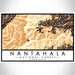 Nantahala National Forest Map Print Landscape Orientation in Ember Style With Shaded Background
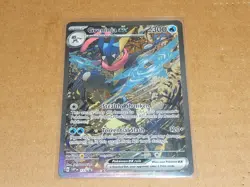2024 Pokemon SCARLET VIOLET GRENINJA EX PROMO SPECIAL ILLUSTATION #132 O397 - Image 1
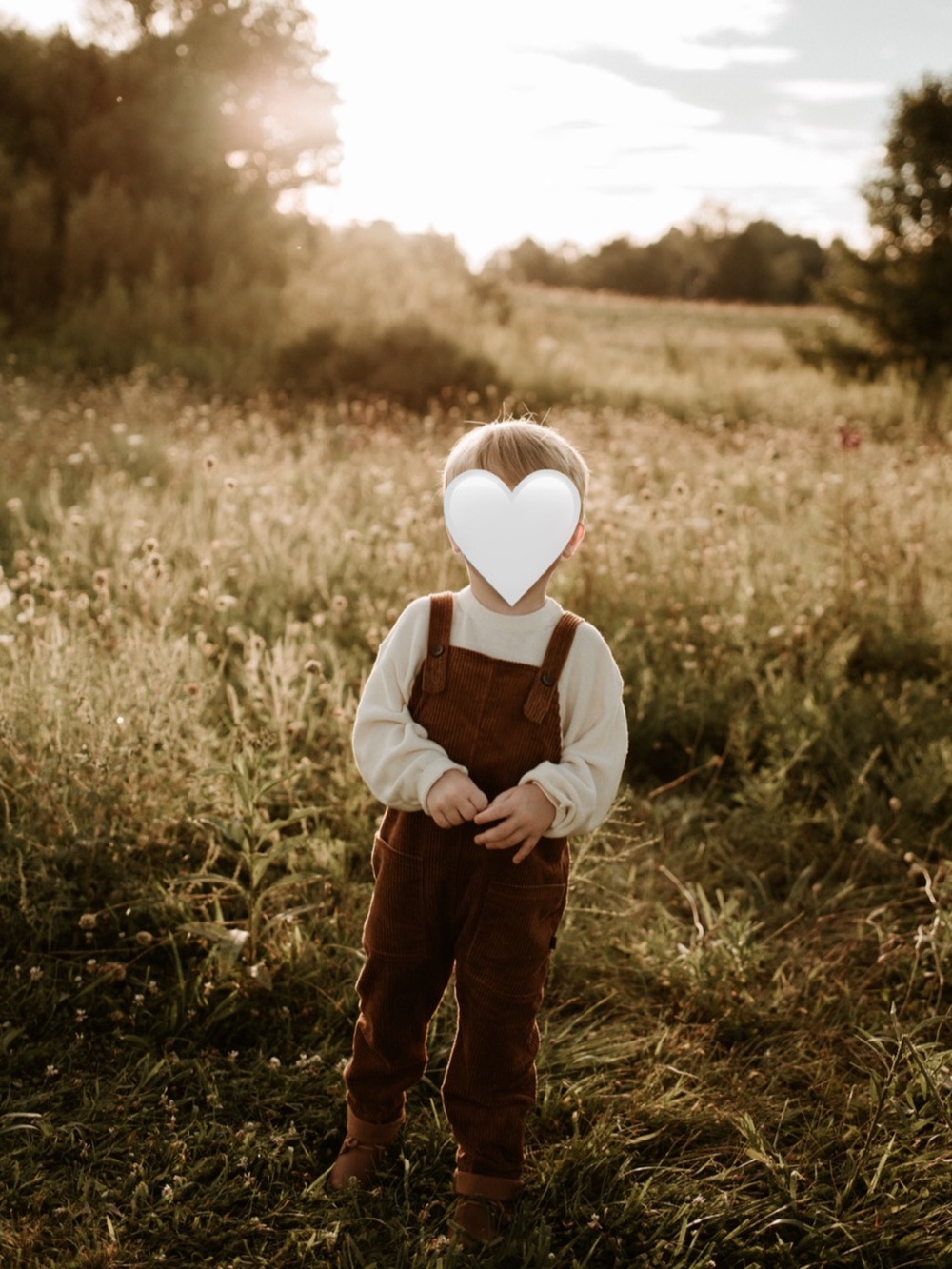 KIDWILD Corduroy Overalls in Toffee 2-3Y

============

** Task details **
The finished copy should match the data above word for word and contain no pictures.

** Result for this task **
 Nantahala National Forest Map Print Landscape Orientation in Ember Style With Shaded Background
2024 Pokemon SCARLET VIOLET GRENINJA EX PROMO SPECIAL ILLUSTATION #132 O397 - Image 1
 KIDWILD Corduroy Overalls in Toffee 2-3Y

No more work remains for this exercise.